In overeenstemming met de vereisten van het leger moet de volledige munitielading voor het kanon tot 40 ronden in een geautomatiseerd munitierek worden geplaatst. Tijdens het ontwikkelingsproces zijn verschillende opties voor munitie, zowel afzonderlijk als unitair laden, overwogen. In de eerste fasen werd het schot afzonderlijk geladen en er ontstonden ernstige problemen bij het plaatsen van de munitie in de toren rechts van het kanon.
In een van de opties stelde VNIITM een schot voor met dopbelading, een pakket buskruit werd tijdens het laden uit de vierkante huls getrokken en naar de kanonkamer gestuurd. Deze optie was te exotisch en werd verlaten.
In de definitieve versie werd, vanwege verhoogde vereisten voor pantserpenetratie en problemen met de plaatsing van munitie in een geautomatiseerd munitierek, een unitair schot van 1,8 m lang aangenomen en werd de lay-out van de tank ervoor veranderd.
De keuze van de opnameoptie en het geautomatiseerde laadschema hadden een fundamentele invloed op een van de bepalende kenmerken van de tank - de tijd voor het voorbereiden en afvuren van het schot. Met afzonderlijk laden nam deze tijd toe vanwege het dubbele rammen van het projectiel en de patroonhuls (in één cyclus werd dit alleen op de T-64 opgelost).
In dit opzicht is het schema voor het automatisch laden van het pistool tijdens het ontwikkelingsproces drie keer fundamenteel veranderd. Met zo'n kaliber en hoeveelheid munitie was het moeilijk om ze in de beperkte volumes van de tank te plaatsen.
In de eerste variant, in het stadium van onderzoek met een afzonderlijk laadschot voor een automatische riemlader in de toren aan de rechterkant van het kanon, werd te weinig volume toegewezen, de kinematica van de mechanismen was zeer complex en al op de staat ze geconfronteerd met het probleem van de onbetrouwbare werking van de mechanismen.
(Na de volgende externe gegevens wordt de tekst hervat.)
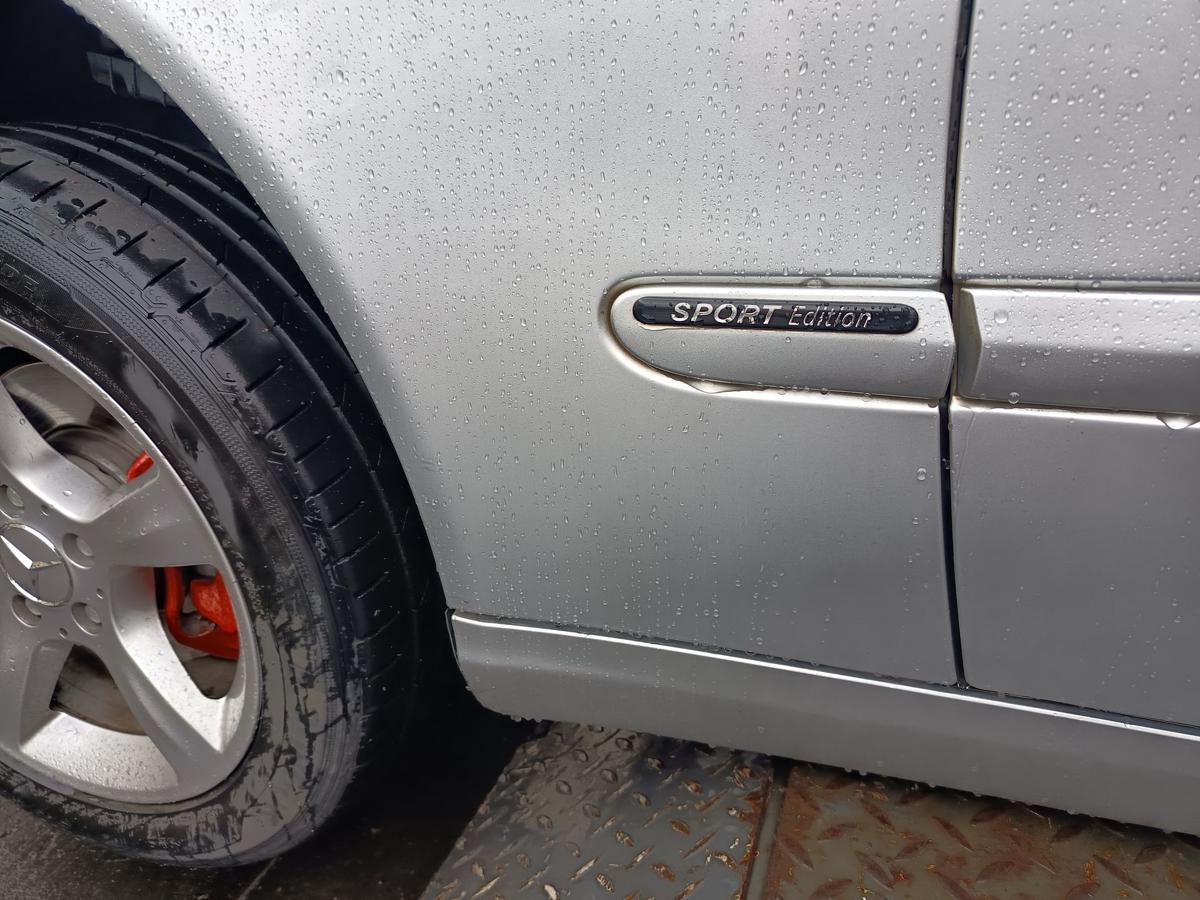 Mercedes CL203 Coupe orig Kotflügel links 775 Silber Bj 2006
In de tweede versie, in de R&D-fase met een 152 mm kanonkaliber en een afzonderlijk laadschot, werd het grootste deel van de munitie in het tankrompcompartiment geplaatst in twee bandtransporteurs (32) en het vervangbare deel (8) in de bandtransporteur van de achterste nis van de toren.
Wanneer munitie in de toren was opgebruikt, werd deze bijgevuld vanuit de romp. Met dit ontwerp was er opnieuw een zeer complexe kinematica van de mechanismen en waren er grote problemen bij het overbrengen van munitie van de romp naar de toren, vooral wanneer de tank in beweging was. In dit ontwerp was er een dubbele kamer van het projectiel en de patroonhuls.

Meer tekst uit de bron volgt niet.